Since there wasn’t much for Brighty to eat, we had to book her into overnight lodgings the same as ourselves. The farmers sometimes fed her armfuls of leaves ripped off the trees with pruning hooks. Their livestock was goats and sheep with long dreads and ferocious coin-slot eyes. Their cars were egg-shaped from running into rocks.

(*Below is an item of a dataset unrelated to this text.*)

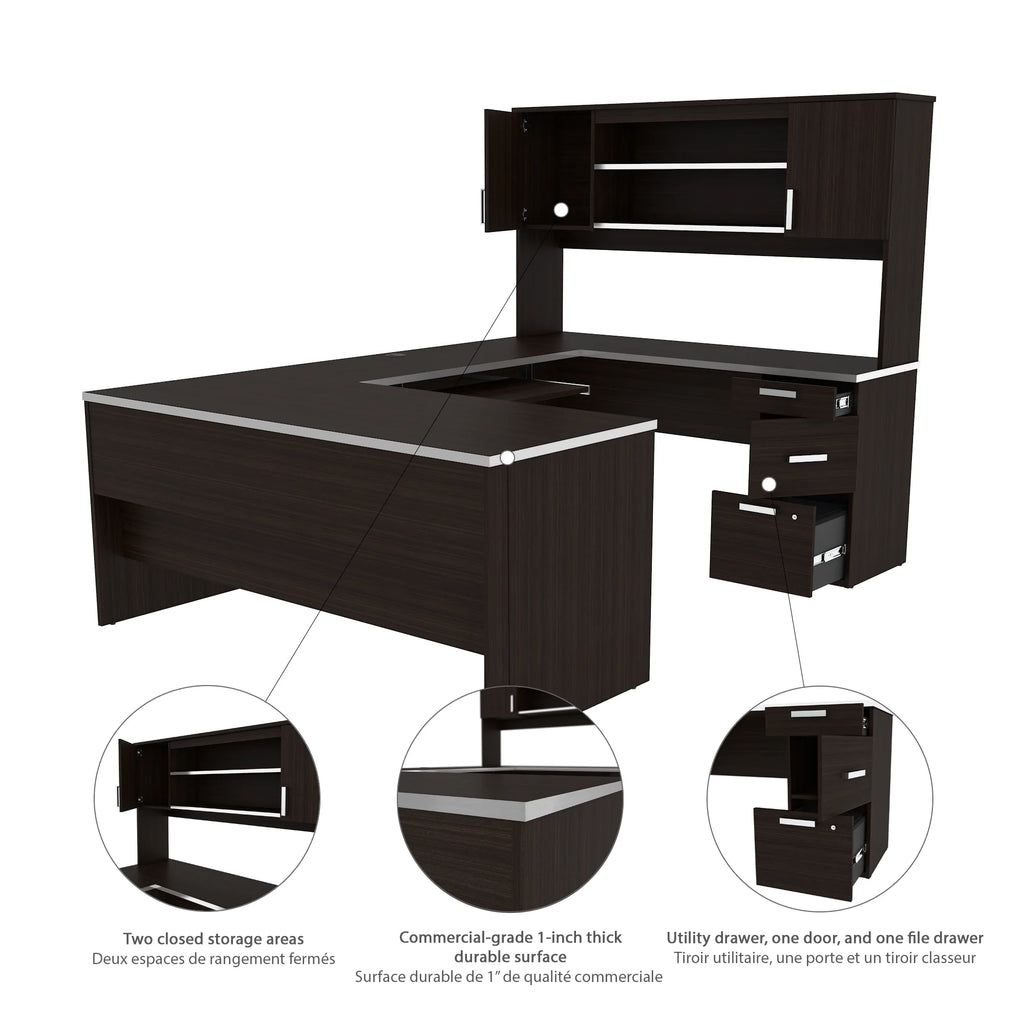 U-Shaped Desk with Pedestal and Hutch T110129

Albania was no wilderness; there were even marked trails. But it wasn’t exactly crowded. We were pretty much left to ourselves. On the way up Pllaja e Pusit, two American-looking guys whizzed past us on mountain bikes doing forty miles an hour without saying a word. They terrified Brighty and made us take an hourlong break during which we saw Fringilla coelebs and Motacilla alba, two birds you might consider noteworthy if they were to appear in flocks of one million plus or open their mouths and speak. The friendlier tourists were not much better. Without a language in common, no upscale traveler could adequately convey the native wit and creativity that had inspired him
to take some travel guide’s hint to go to Albania before capitalism turned it into Montenegro. Finns or Tuscans or whatever would remark of Brighty, “Good car!” and we would say, “Good car for good roads!” Everyone would laugh, and they would pet her nose, causing her to stand still for upwards of fifteen minutes so we had plenty of time to discuss the location of the closest good town or good restaurant with good food while uninteresting birds flowed past in waves. We met a group of women from England, but they didn’t get the donkey-backpack-surrendered wife thing. We didn’t see any more English guys. They were scarce away from the waterfront bars.

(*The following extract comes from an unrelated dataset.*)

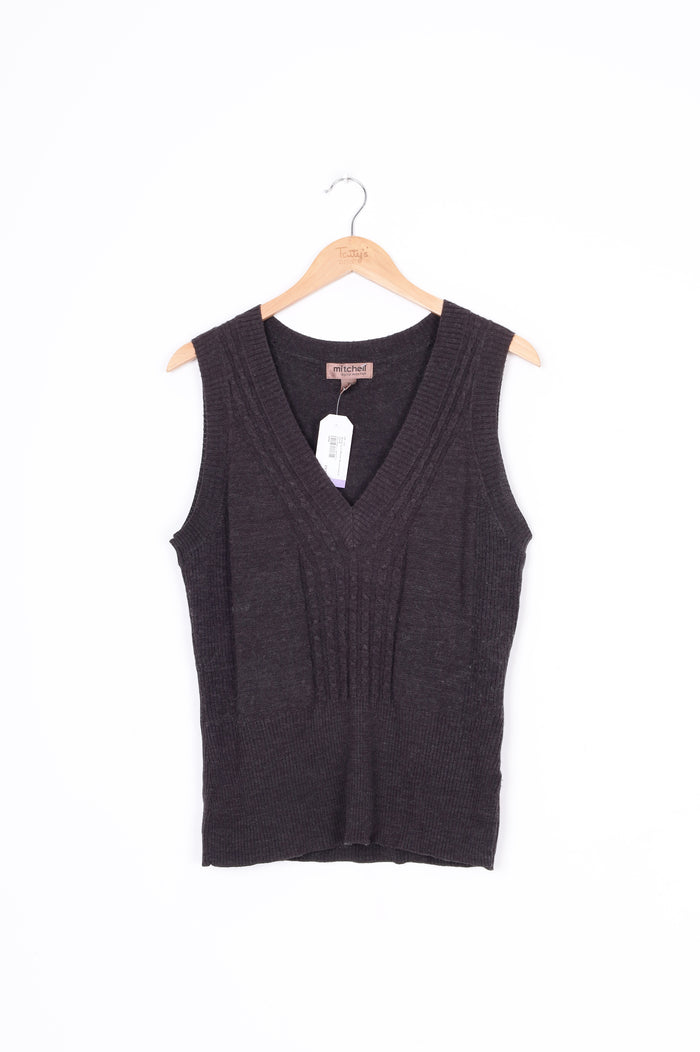 Michell by Liz Mitchell Womens Grey Vest Size M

Stephen catalogued bird after bird. The only ones you could see clearly were the big BOPs circling out of the range of gunfire. One toted a partridge—Stephen’s first and last partridge, it turned out. Most flitted past us like sparks arcing, emitting squeaks that identified them to Stephen but not to me. One day we got to a dead ewe in time to catch the goose-stepping of the griffon vultures arriving to deliver its breech birth along with everything else except its rumen, bones, and pelt. Before I closed my eyes, it sky-rocketed to first place on the list of the most repellent spectacles I had ever witnessed, lending a vivid symbolic figuration to events I had hitherto refused to name.

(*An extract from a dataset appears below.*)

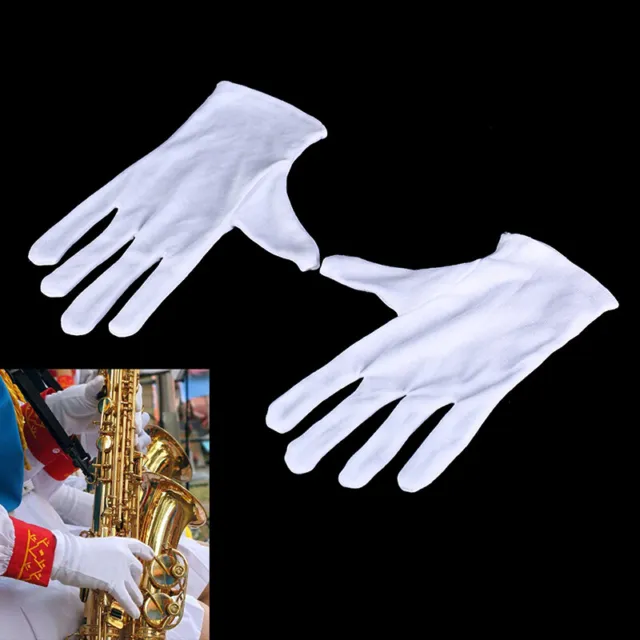 1/5/10Pair White Performance Gloves for Marching Bands Instrumental Perfor z!_hg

Stephen whispered that he was scanning the periphery for the white Egyptian vultures that specialize in crime scene cleanup, but the steppes were No Bird’s Land. Birds were willing to fly in from distant mountain peaks for a free meal, but they didn’t care to set up shop. Only the migrants didn’t know any better, to their sorrow.
We saw the moa a few times. Stephen would hear it shift its weight in the underbrush, mostly when we were having sex. He would put his hand on my mouth and whisper, “Listen. The moa.” He would prop himself up on his elbow and look around. The moa would stand up in the bush where it had been hiding and walk away, reviewing its cell phone video, assault rifle hanging low like a bass guitar.